*** Opening of GIVEN DATA ***
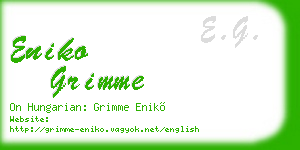 eniko grimme business card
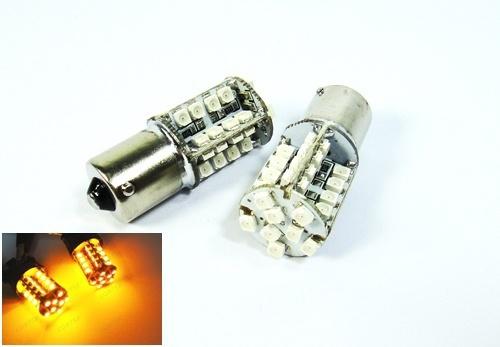 2 ba15s 1156 40 smd led parking turn signal light rear indicator lamp 7506 amber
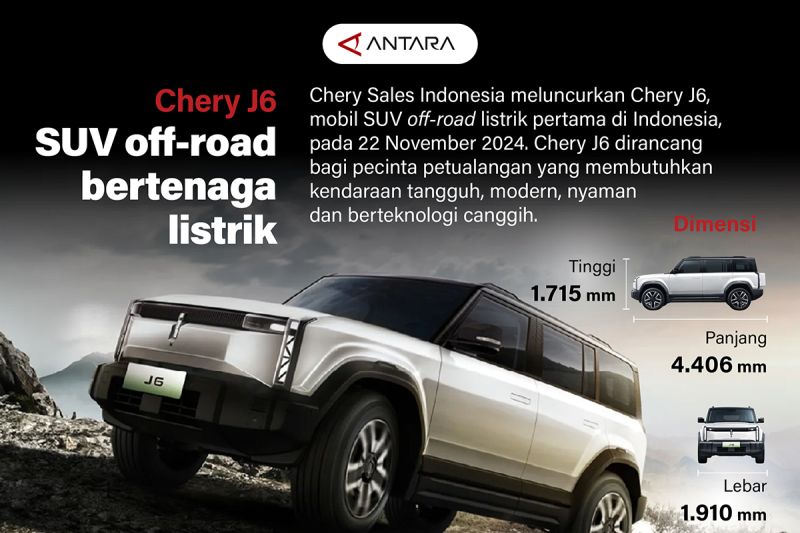 Chery J6 SUV off-road bertenaga listrik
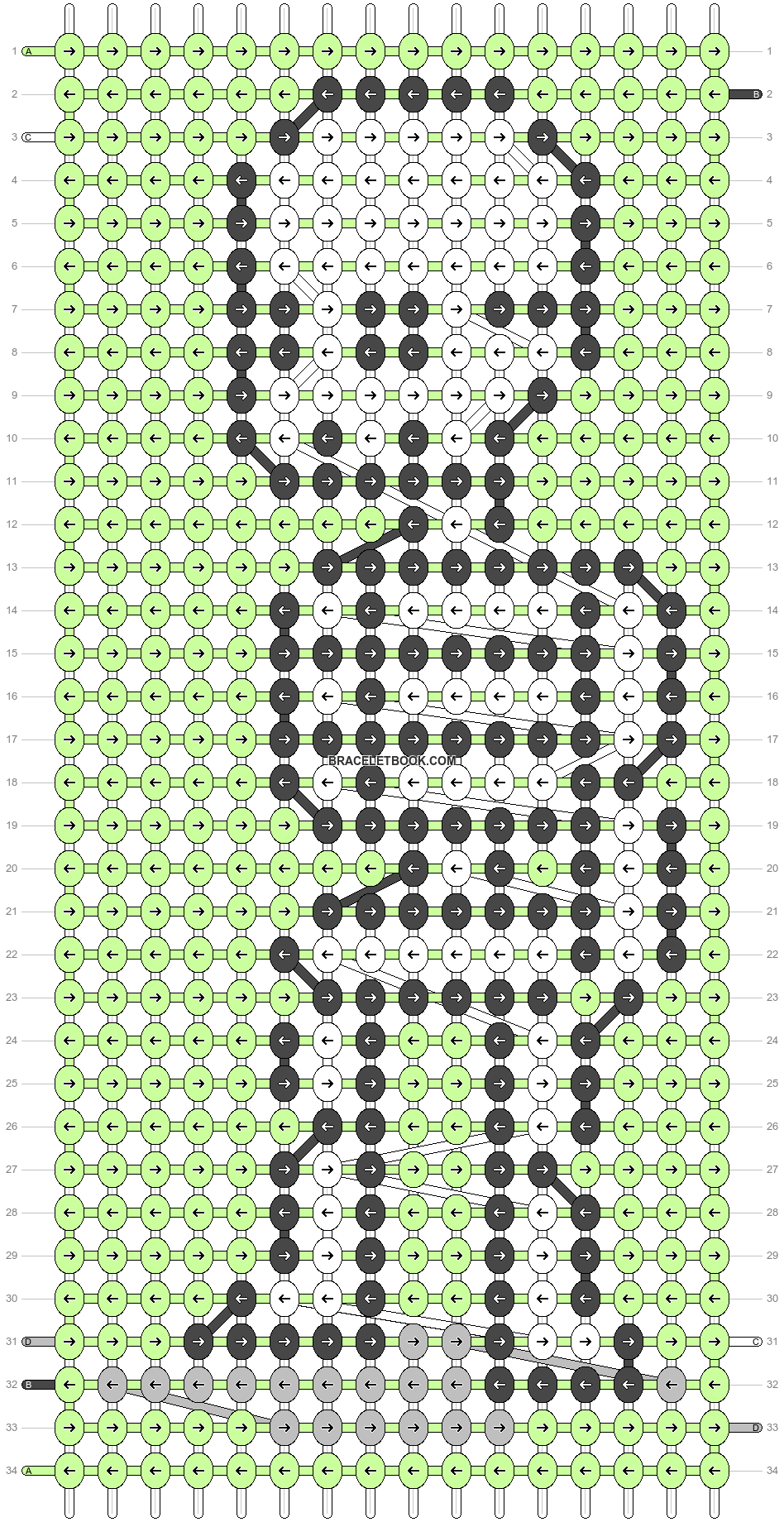 Alpha pattern #50101 | BraceletBook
*** Close of GIVEN DATA ***
◆ **WHAT YOU ARE ASKED TO DO**
Transcribe everything above exactly. Do not include the pictures.

◆ **TASK RESPONSE**
 eniko grimme business card
 2 ba15s 1156 40 smd led parking turn signal light rear indicator lamp 7506 amber
 Chery J6 SUV off-road bertenaga listrik
 Alpha pattern #50101 | BraceletBook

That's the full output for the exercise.